Dr Susan Shepherd is a paediatrician and nutrition consultant for MSF’s Access Campaign. She describes how the introduction of ready-to-use food has transformed lives in the projects where she worked in Chad and Niger.
Mothers everywhere know which foods their children need to grow up healthy. In wealthy countries, mothers can rest assured that even if their children live on an unvaried diet, the foods they do eat will be fortified with essential vitamins and minerals - they can rely on a nutritional safety net. Where we struggle in many poorer countries is with how to bring highly nutritious foods into the hands of families that can’t afford them.
On my first assignment in Uganda in a general pediatrics ward, I was facing a very different situation from when I worked in the US. There I was used to helping children easily through bouts of diarrhea, but in Uganda, I struggled to keep them alive. The critical difference was pervasive undernutrition. There was no nutritional safety net.
The revolution in treating malnutrition
I first treated children with therapeutic ready-to-use food (RUF) during a measles epidemic in Chad in 2005. Thanks to this product, we were able to treat over two thousand children suffering from severe acute malnutrition in the aftermath of this epidemic. This was a revolutionary new product that helped us to treat far more children, far more effectively than with previous interventions.
We came to see just how effective this new product was the same year just a few hundred kilometers away in Niger, when MSF was faced with mounting a rapid response to a massive unfolding nutritional crisis. RUF was the key element in enabling MSF to treat 60,000 children over a six month period. 90% of the children recovered as a result of the treatment. It was nothing short of miraculous - but a miracle grounded in sound nutritional science.
Since these events and other similar emergency situations from Somalia to Sudan, Malawi and Ethiopia, RUF, delivered through community-based programmes has become the international standard for treating children with severe acute malnutrition.
From emergency to everyday: catching malnutrition before it gets too severe
Realizing that nutritional emergencies tend to flare up in places where children are already vulnerable to acute malnutrition because of permanent inadequate nutrition, the following year, we expanded the use of RUF to include children with less severe forms of acute malnutrition. This resulted in a marked decrease in the number of children who developed severe acute malnutrition during the months of the ‘hunger gap,’ from August through October, before the harvest comes in.

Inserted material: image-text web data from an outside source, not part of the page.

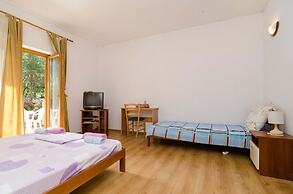 Apartments Limuni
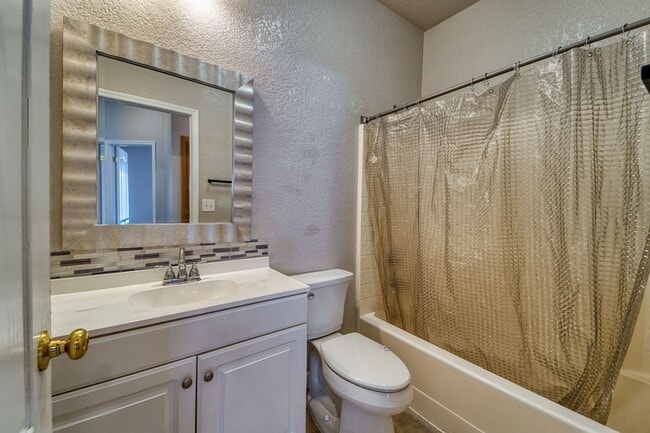 Building Photo - North Yuba City 3 bd 2 bath Home with solar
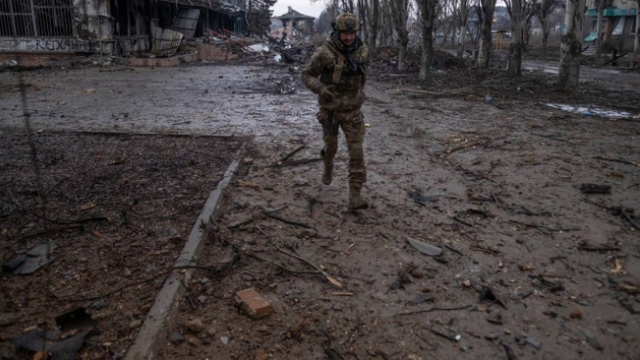 Ucraina recunoaște că forțele ruse de ocupație au avansat în Bahmut, folosind tactica pământului pârjolit aplicată în Siria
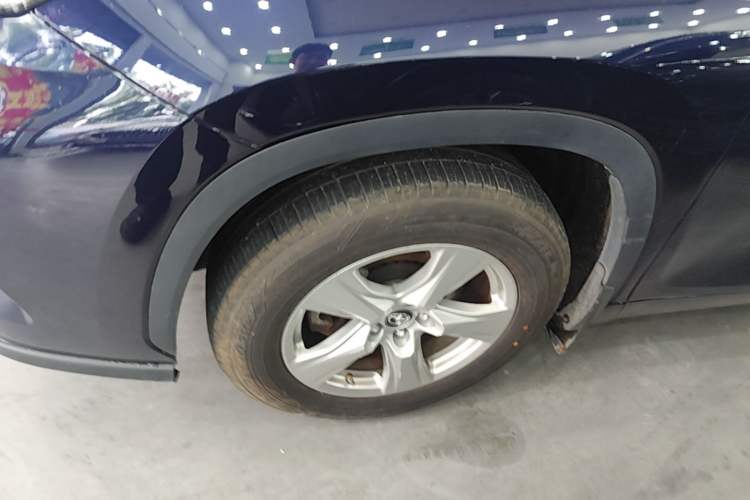 Used Toyota Highlander 2022 Dual-Engine 2.5L 4x4 Elite Edition 7-Seater Left Front Wheel Hub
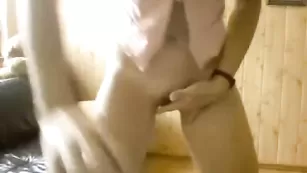 Блаженная чертовка Kissme4sex тискает вагину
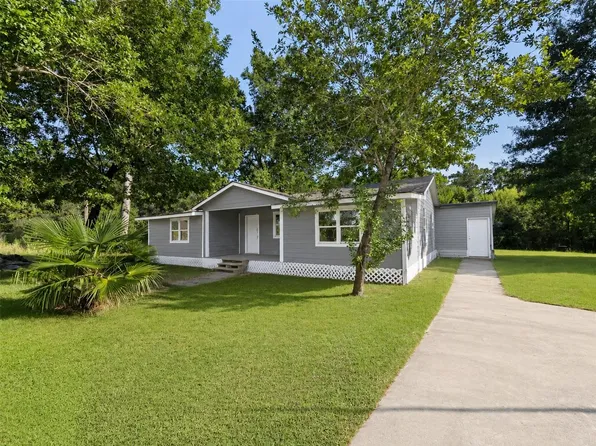 227 Live Oak Ln, Onalaska, TX 77360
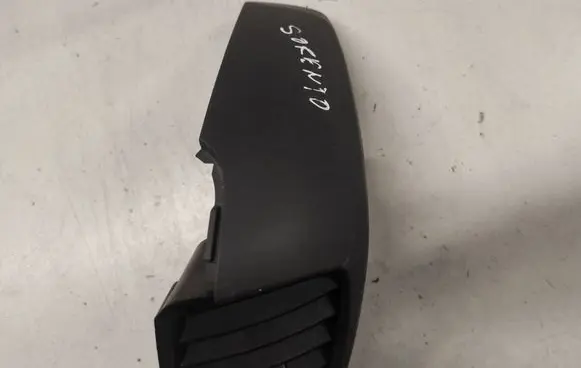 KIA Sorento Dash center air vent grill 847803E50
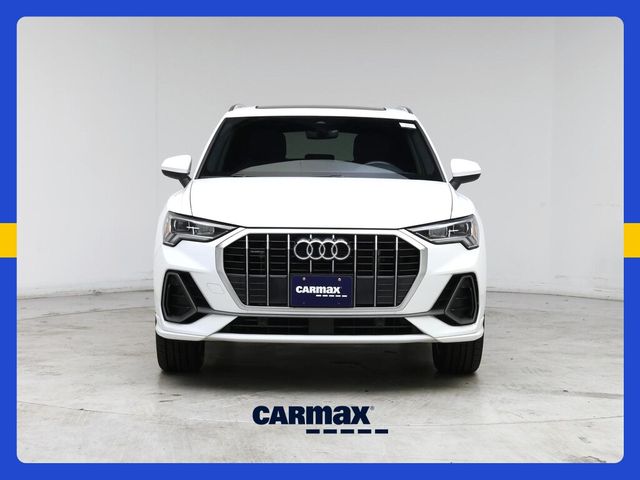 2025 Audi Q3 S Line Premium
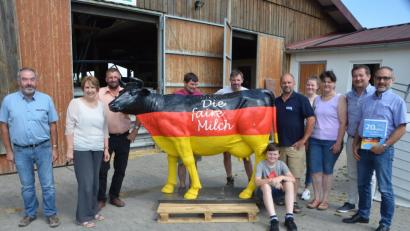 Bild: dob
Die SPD-Politiker Europaabgeordneter Ismail Ertug, Bundesabgeordneter Uli Grötsch (von rechts) und Landtagsabgeordnete Annette Karl (Zweite von links) stellen sich der Diskussion mit dem BDM-Kreisteam. Vor allem Hubert Meiler (Fünfter von rechts) spricht sich einiges von der Seele.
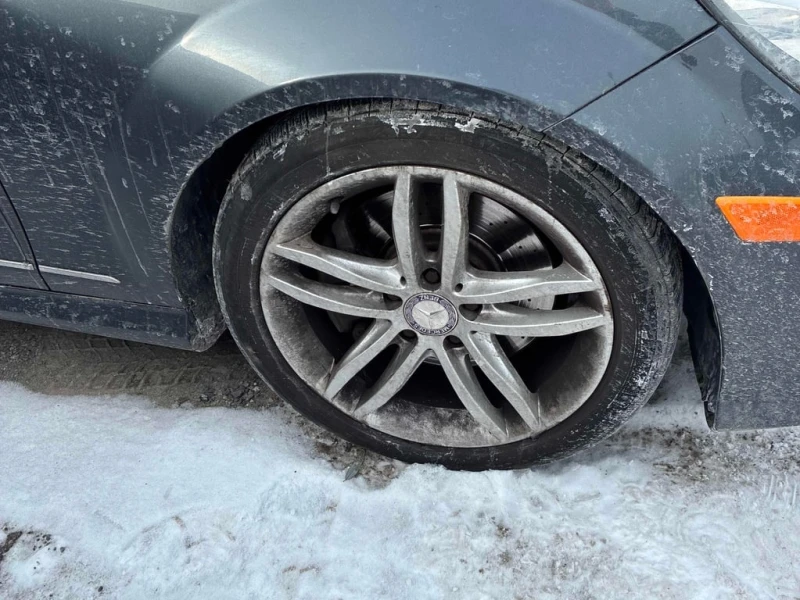 Mercedes-Benz C 300 * CARFAX * БЕЗ ПЪРВОНАЧАЛНА ВНОСКА, снимка 7 - Автомобили и джипове - 52745306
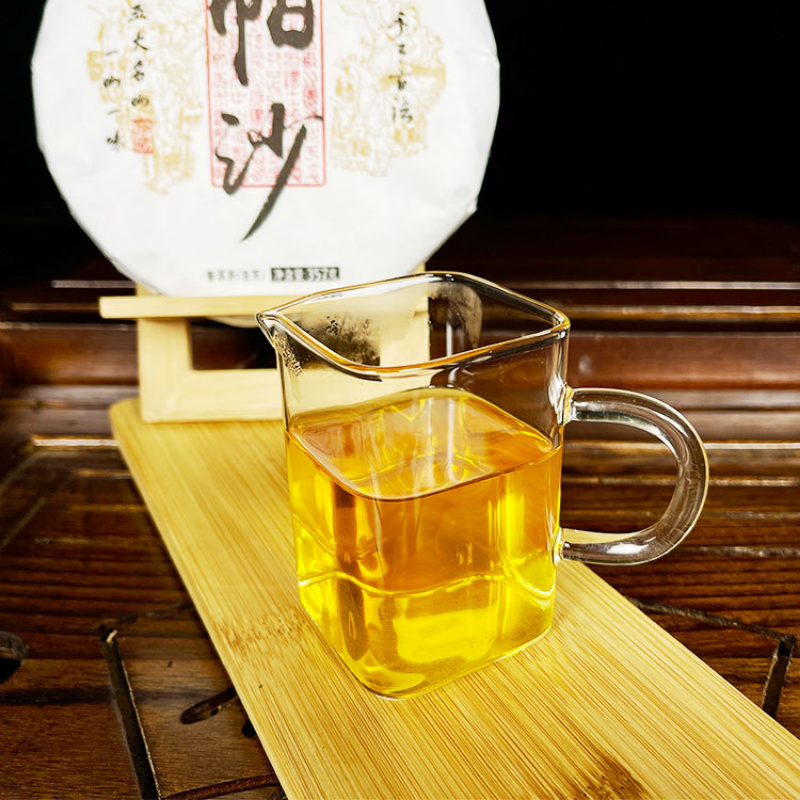 HelloYoung 357G Yunnan Pu'er tea Menghai Pasha tea ecological seven cakes raw Pu'er tea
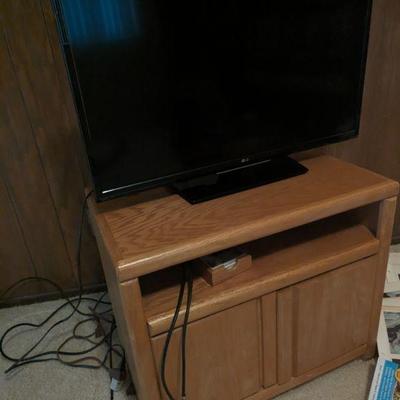 TV WITH STAND 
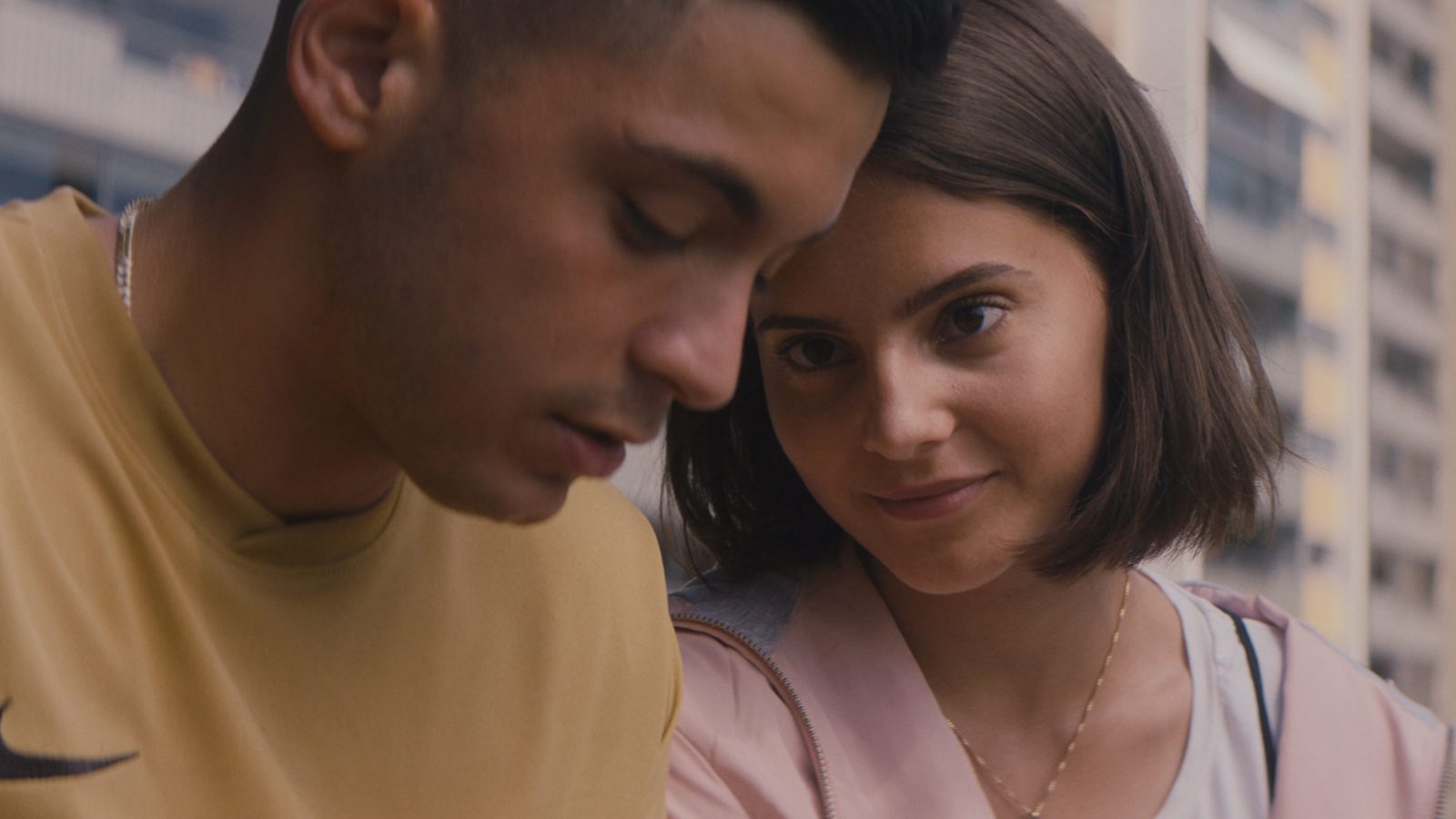 ALLE-UTLENDINGER-HAR-LUKKA-GARDINER_Karen-Øye_Serhat-Yildirim©MisoFilmNorge-scaled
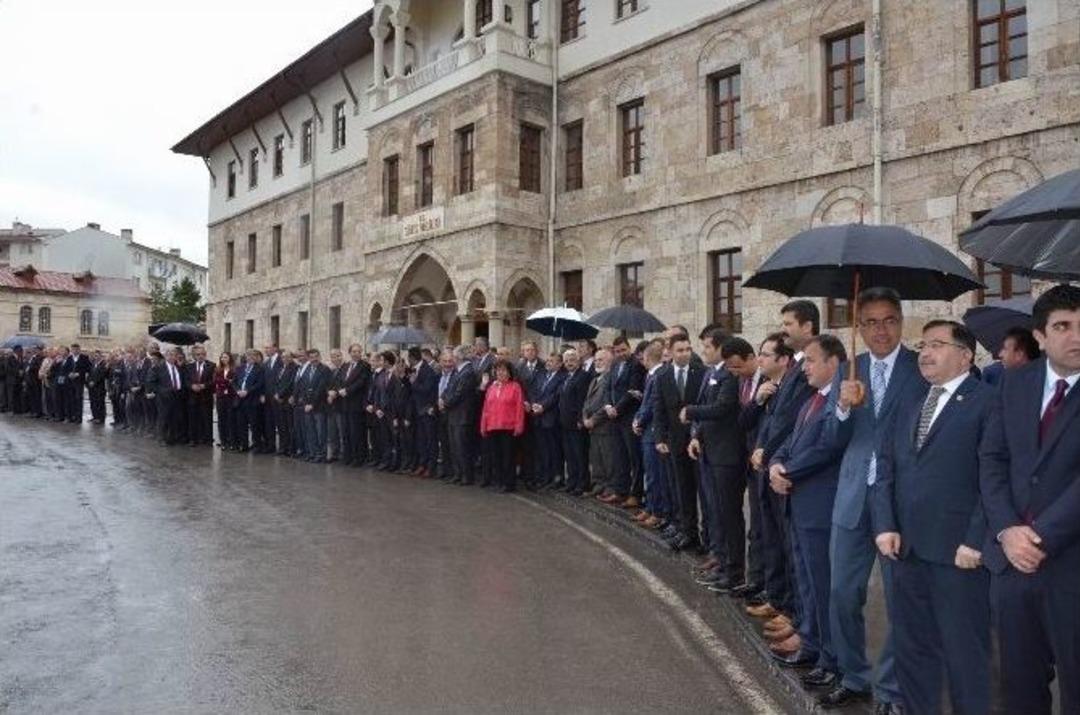 Sivas Valisi G&uuml;l, Sağanak Yağış Altında Karşılandı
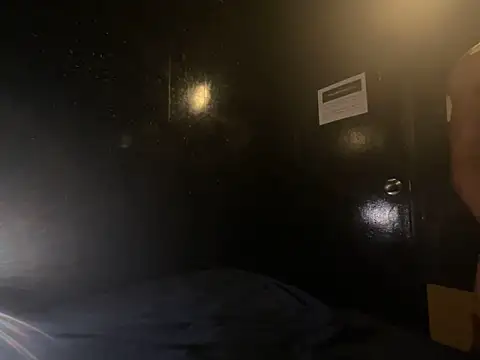 Snapshot of GirThyDock chatting on February 28, 2026, 1:17 am GirThyDock online show from February 28, 2026, 1:17 am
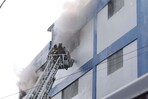 Incendio en edificio de Garrido se origina en el área de almacén; no se reportan personas afectadas Incendio en edificio de Garrido se origina en el área de almacén; no se reportan personas afectadas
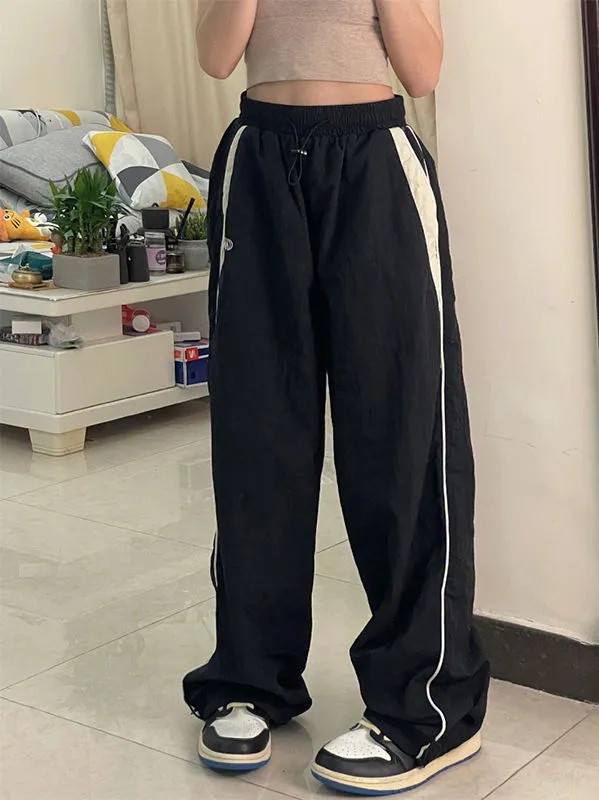 Black baggy oldschool sweatpants with contrast piping
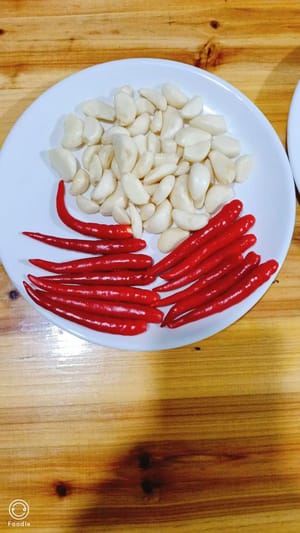 20 Gramm Knoblauchzehen, 10 Gramm Chili.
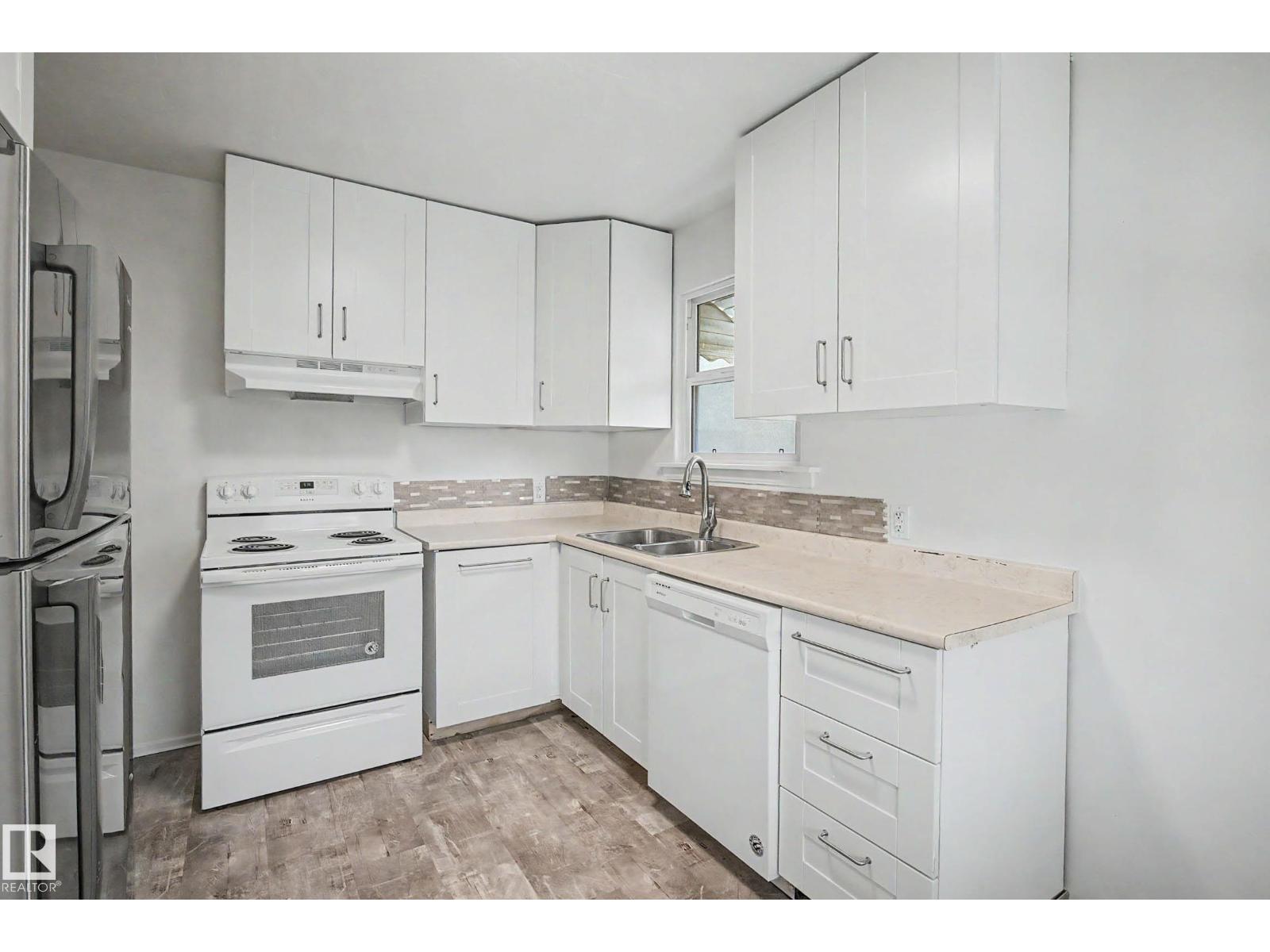 9276 86 St Nw, Edmonton, Alberta  T6C 3E4 - Photo 13 - E4488260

We estimate that in 2006, we treated almost half of all children between six months and three years of age in our intervention zone near the city of Maradi. This suggested that if half of the children were acutely malnourished, then the other half were likely to have nutritional deficiencies, too. We wondered what would happen if we could supplement the daily diets of these children ,- would it prevent them from slipping into a malnourished state in the first place?
Supplemental programme finds favour with mothers
With this mind, the following year, we undertook a distribution of a supplementary ready-to-use food for all children between six months and three years of age in one district. The daily calorie supplement was only one quarter of what children with acute malnutrition receive, but it contains high quality protein through powdered milk and all the daily recommended intake of those 20 vitamins and minerals needed to promote health.
We are still working on analyzing this intervention, but one thing is clear: mothers believe that this supplemental programme works. Of the 63,000 children receiving the supplement, all but 900 returned to each distribution. Mothers told us that their childrens’ appetites were better, infants were nursing more, and in general, that their childrens’ skins were ‘brighter’.
RUF is one of many possibilities to improve children's nutritional intake
Distribution of a supplementary RUF is but one of myriad possibilities for improving the daily diets of large numbers of children. Already in Niger, a local company has brought to market a lipid-based fortified paste in the capital city at an affordable price. Another possibility is using nutrient sprinkles for home fortification. The bottom line is that children everywhere need essential nutrients to grow and be healthy.
We need to work to ensure all children have a nutritional safety net. Countries are going to need create new programs, but for this to happen there is an urgent need for international financial support.
Food is not Enough
MSF’s malnutrition campaign is advocating for global scale-up of therapeutic ready-to-use food (RUF) for the most at risk children. The campaign is pushing to ensure that more children under three in malnutrition hotspots receive essential nutrients to avoid becoming seriously malnourished. MSF is also highlighting the need for increased research and development into a range of nutritional products adapted to these children’s needs.